When studying careers with my fourth-graders, I found a way to get them completely enthused about beginning our study. We had several people come to our school to give brief presentations on their professions. Many of them brought "props" with them such as stethoscopes, different kinds of fishing poles and bait, samples of x-rays and so on. This piqued the students' curiosity and primed them for my introduction into the plasticine clay sculpture, and research of a profession, which would follow.

After the presentations, each student chose a profession he or she would like to model from plasticine clay. I stressed that the profession could be an unusual one, such as a rock star or cartoonist. I didn't want them to limit their choices to the few they had seen presentations about.

Clay is ideal for a first sculpture project. It requires very few tools--we used only scissors and pencils--and is forgiving if a mistake is made. It also is one of the direct methods where the material is molded primarily by hand.

Our clay career sculptures are freestanding sculptures--surrounded on all sides by space. They have three dimensions: Height, width and depth. The free-standing sculpture of a career or professional person was modeled from the plasticine clay, and features were added, such as eyes, textured hair and accessories to portray the chosen profession.

I demonstrated using plasticine clay. We used only red, blue, yellow and green clay to form our sculptures. The clays could be combined to form any colors the students wished to make. This way, the students also reinforced what they knew about color mixing. My demonstration involved showing the students how to use the scissors to cut lengths of clay for hair or to make slits for clothing. I also showed how the clay could easily be smoothed with the point of a pencil or textured by dragging the point of the pencil along the clay to rough it up. Multiple colors of clay were also rolled into one to make marbleized clay that gave a unique look to many of the sculptures.

The students had a great time modeling with this clay, which is pliable and never dries out. It can be used from day to day without covering and can be re-used. The students used ingenuity to form props such as stylized shopping bags to bug exterminators' hooks used to perform their jobs.

After the sculptures were completed, the students got on the Internet and looked up information on their chosen profession, which they shared with the class.

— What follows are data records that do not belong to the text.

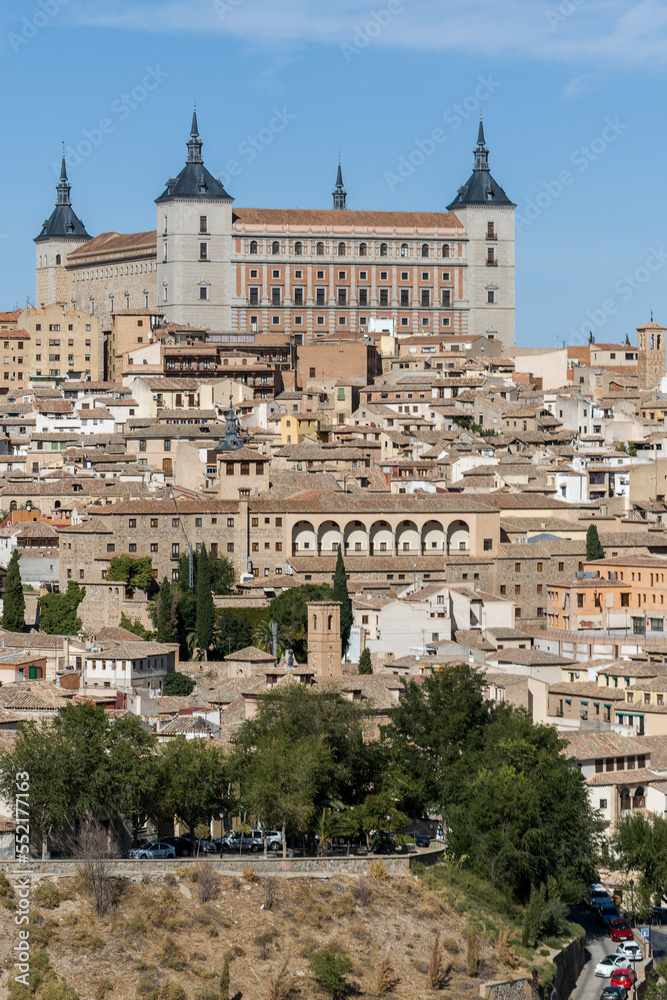 Alcázar of Toledo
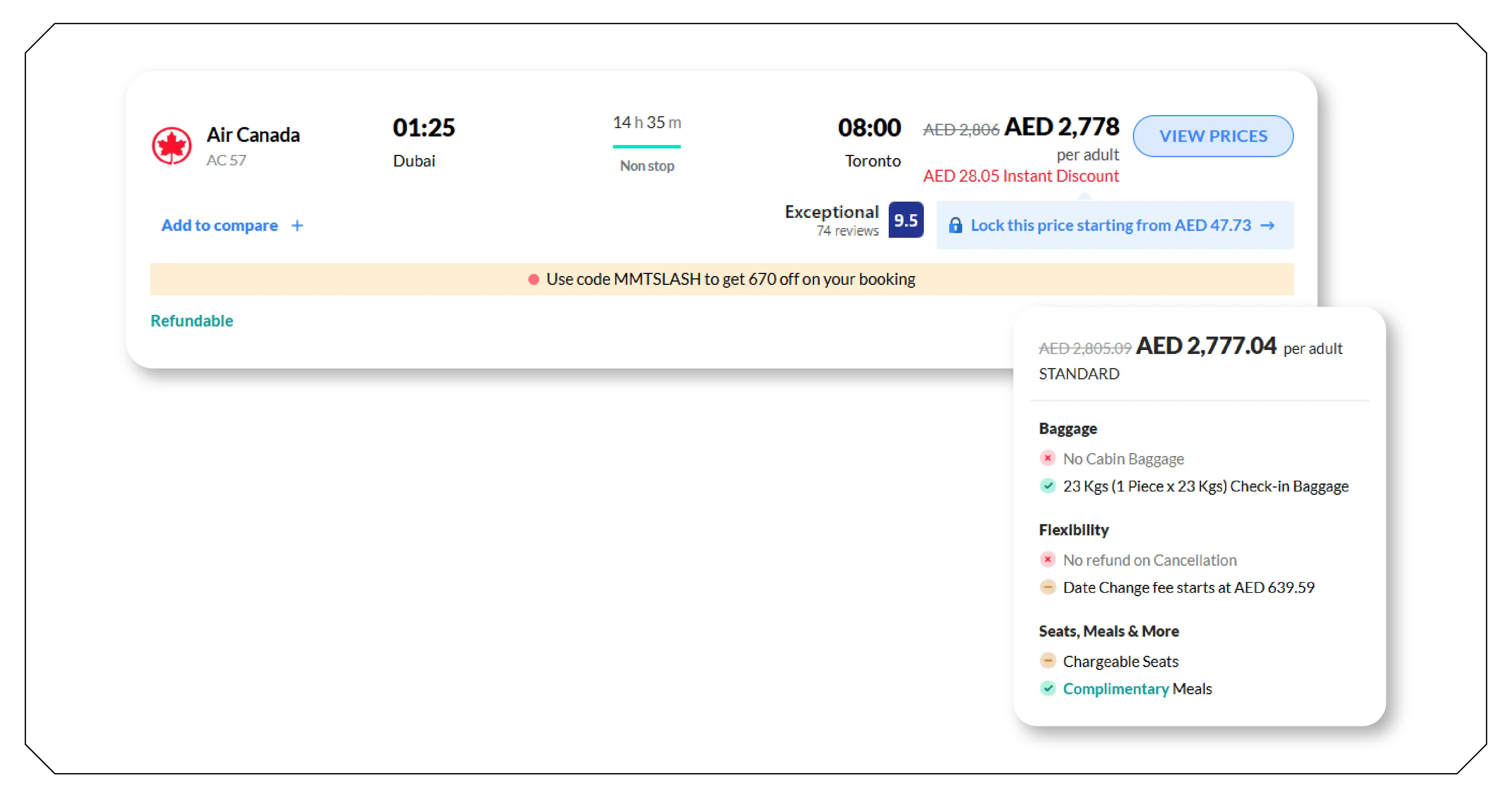 Real-Time Monitoring of Netherlands-Origin Routes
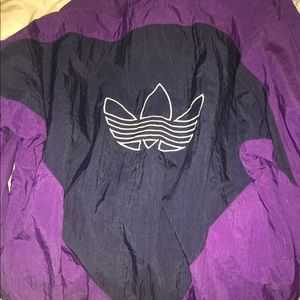 vintage adidas jacket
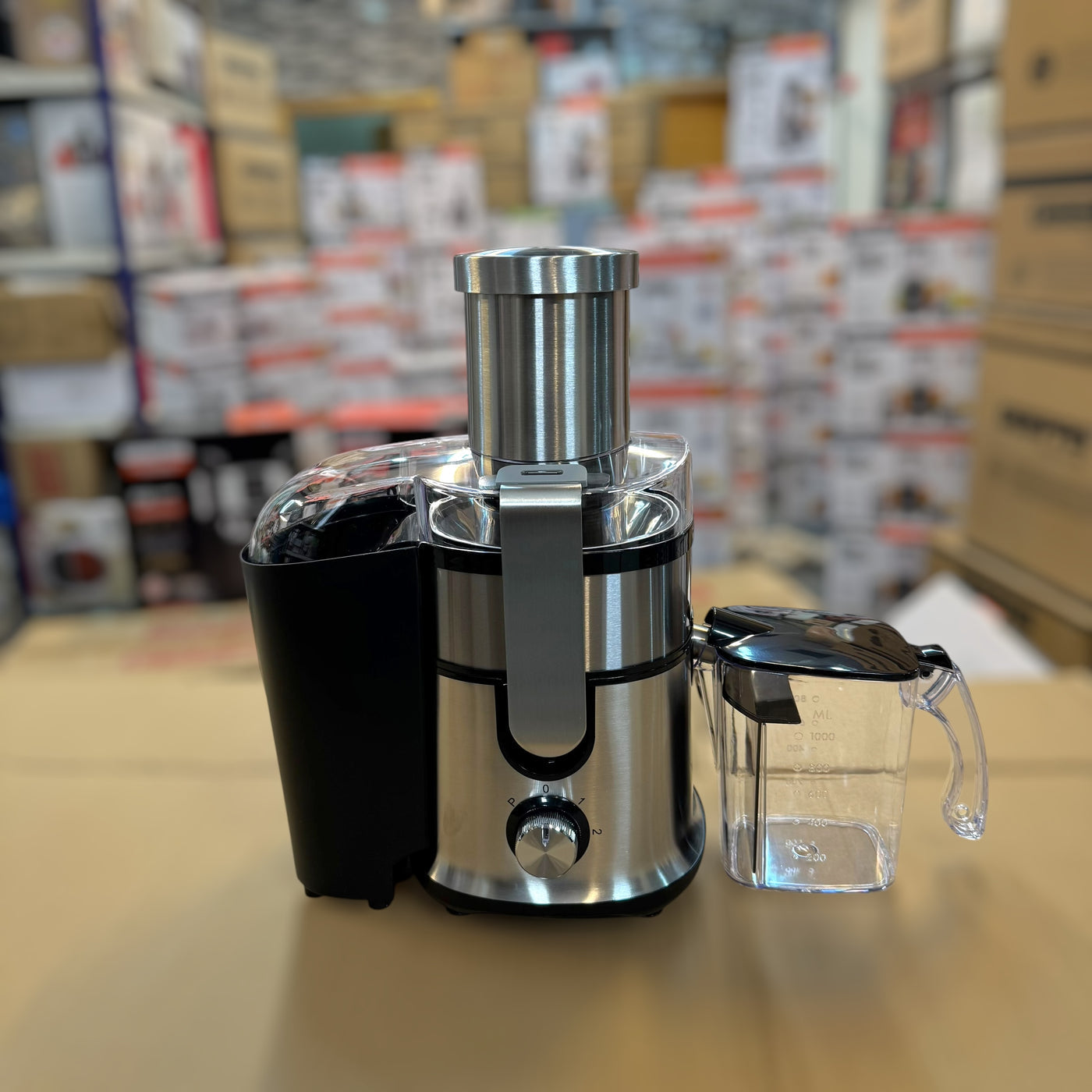 Geepas 4in1 Juicer food Factory - 5490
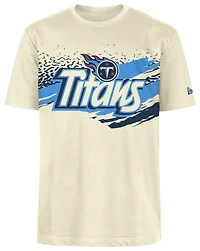 New Era Titans Fitted Short Sleeve T-Shirt - Men's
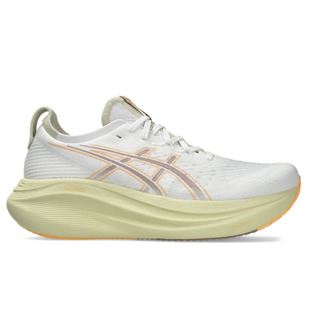 【大自在】Asics 亞瑟士 男慢跑鞋 GEL-NIMBUS 27 2E寬楦 1011B956-102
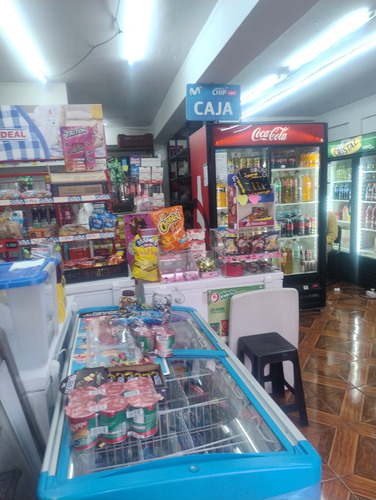 Traspaso De Llaves Minimarket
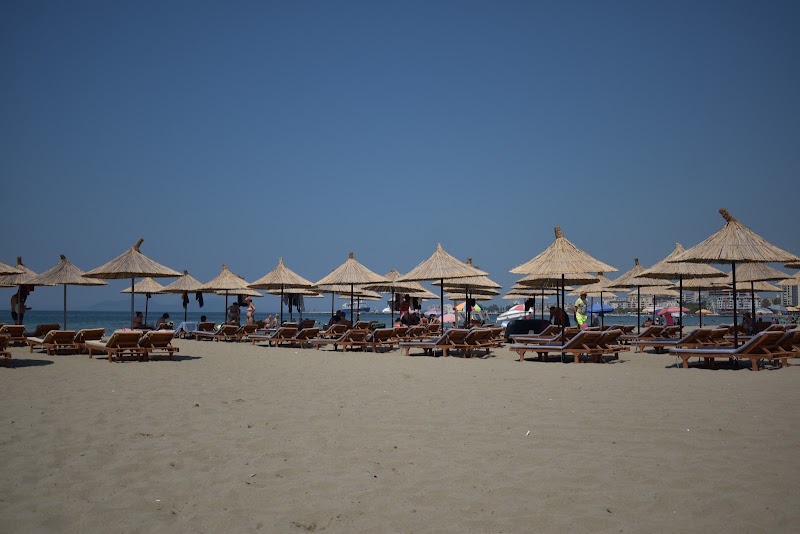 Lungomare beach - Lungomare beach, CFVV+HWR, Vlorë, Albania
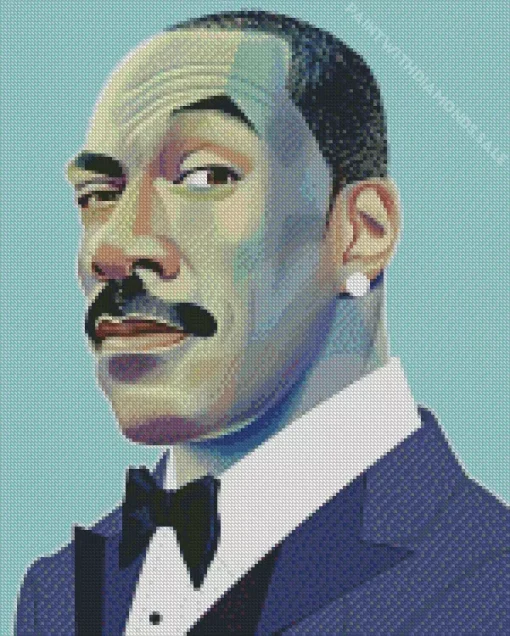 Eddie Murphy Art Diamond Painting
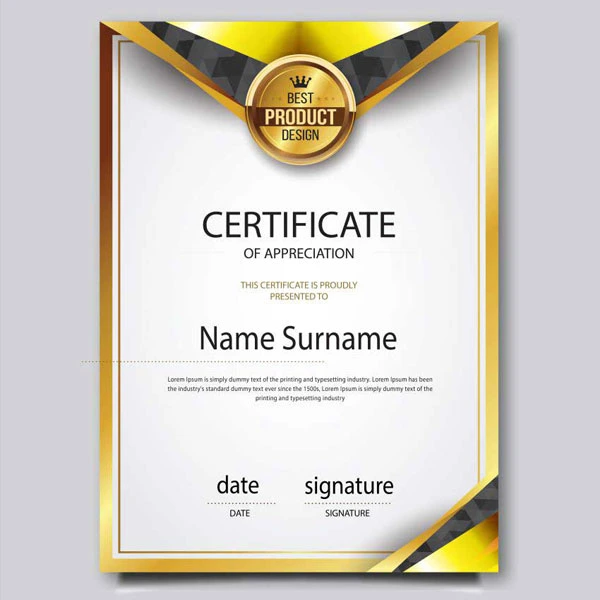 certificate-printing-services in shimla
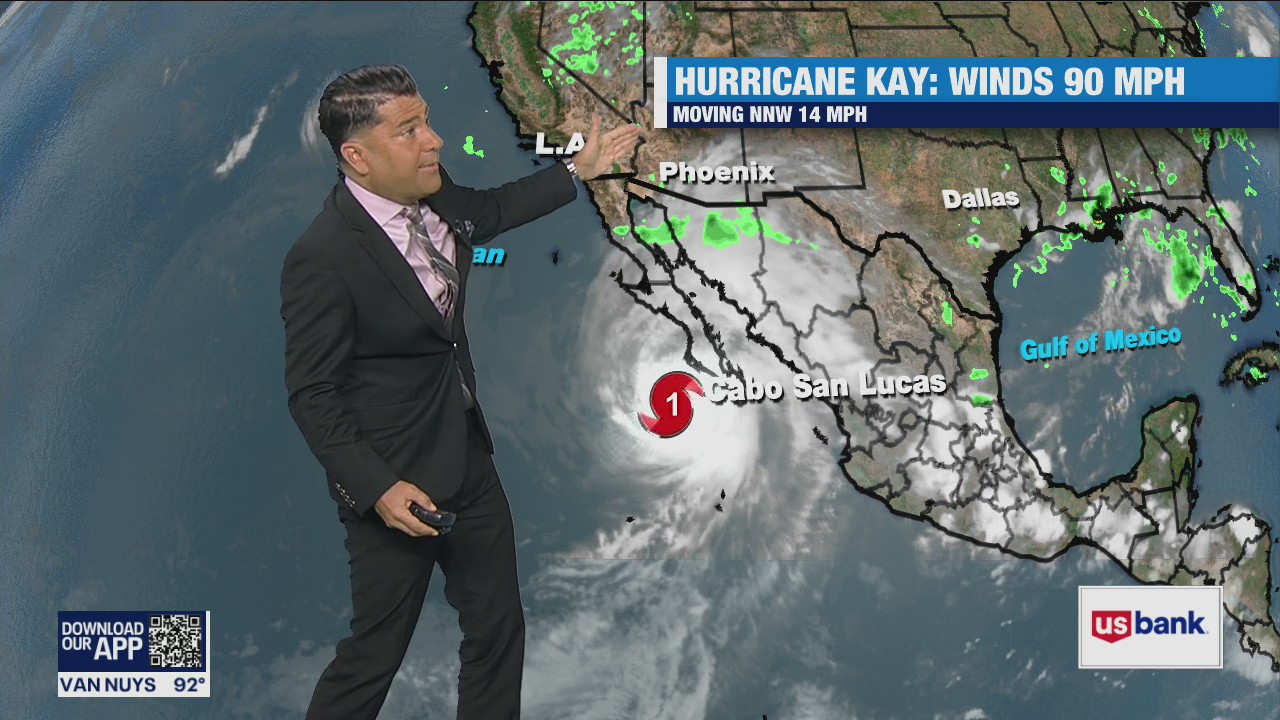 Weather Forecast for Wednesday, Sept. 7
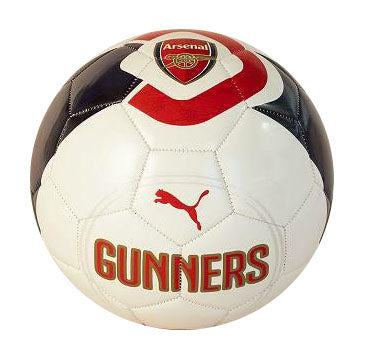 Puma Wheat Accesories, LLC, Puma Arsenal Fan Ball 2 White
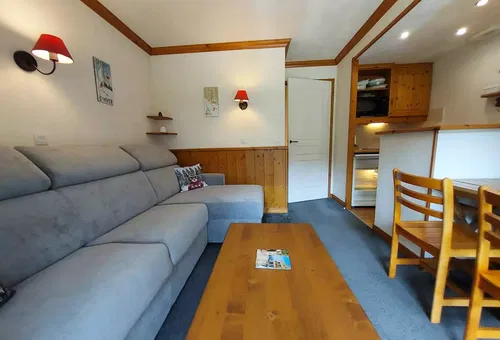 Appartement 1 chambre Les Avanchers-valmorel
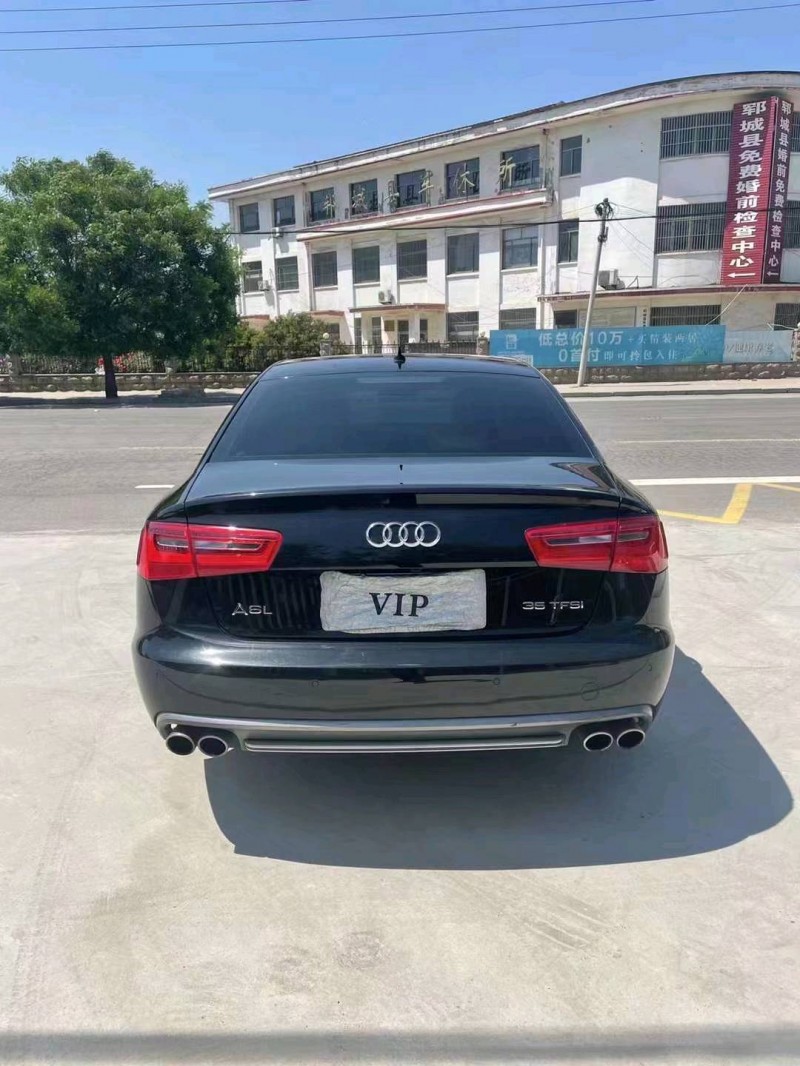 北京15年奥迪A66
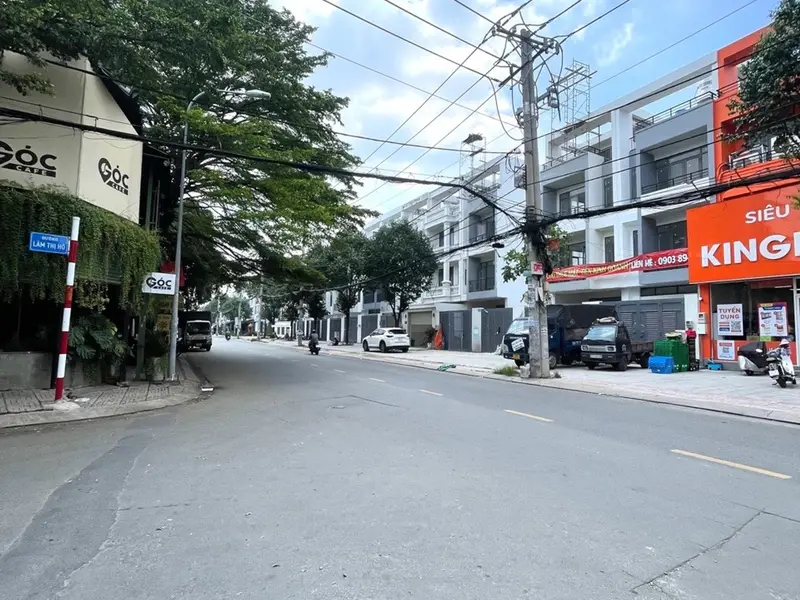 Bán nhà mặt phố phường Tân Chánh Hiệp, quận 12, 2 tầng, 79m2, kinh doanh đa ngành... Bán nhà mặt phố tại Trung Mỹ Tây, Hồ Chí Minh 01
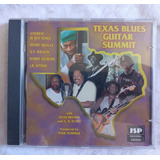Cd Bobby Gilmore E Outros: Texas Blues Guitar Summit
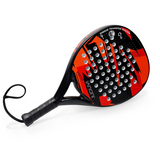 Karbon Fiber Padel Raketi Kırmızı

Pertinent information and interesting facts about each profession were put on 3" x 5" cards. These were shared with the class when we had a sculptural viewing in our "class gallery."

Even though students change their minds many times about careers throughout the years, I feel it is beneficial for the students to explore careers throughout their years of schooling, so they are aware of what jobs are actually waiting for them! By combining research, art and a type of show and share, we learned about careers in a new and exciting way.


Elementary students will ...

* recognize clay as a pliable medium.

* explore the qualities of plasticine clay.

* use texture to give harmony to the sculpture.

* explain careers as they were presented to the class by community members.

* develop a spatial organization.

* increase their powers of perception and develop a rich visual dimension.

* explain whether they feel the work is successful.


* Plasticine clay in red, yellow, blue and green

* Scissors and pencil

* 3" x 5" cards


* Understand and apply media, techniques and processes.

* Use knowledge of structures and functions.

* Choose and evaluate a range of subject matter, symbols and ideas.

* Reflect upon and assess the characteristics and merits of their work and the work of others.

Karen Skophammer is an art instructor for Manson Northwest Webster School in Barnum and Manson, Iowa.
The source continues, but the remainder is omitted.